What does the data read, word for word, from the line containing "functions or activities" through its final line? Give those lines only.

━━ Exercise input ━━

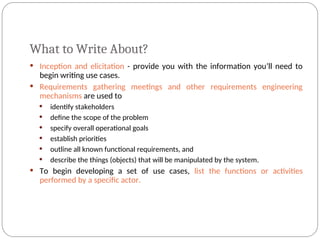 What to Write About?
 Inception and elicitation - provide you with the information you’ll need to
begin writing use cases.
 Requirements gathering meetings and other requirements engineering
mechanisms are used to
 identify stakeholders
 define the scope of the problem
 specify overall operational goals
 establish priorities
 outline all known functional requirements, and
 describe the things (objects) that will be manipulated by the system.
 To begin developing a set of use cases, list the functions or activities
performed by a specific actor.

━━━

Solved exercise:
 To begin developing a set of use cases, list the functions or activities
performed by a specific actor.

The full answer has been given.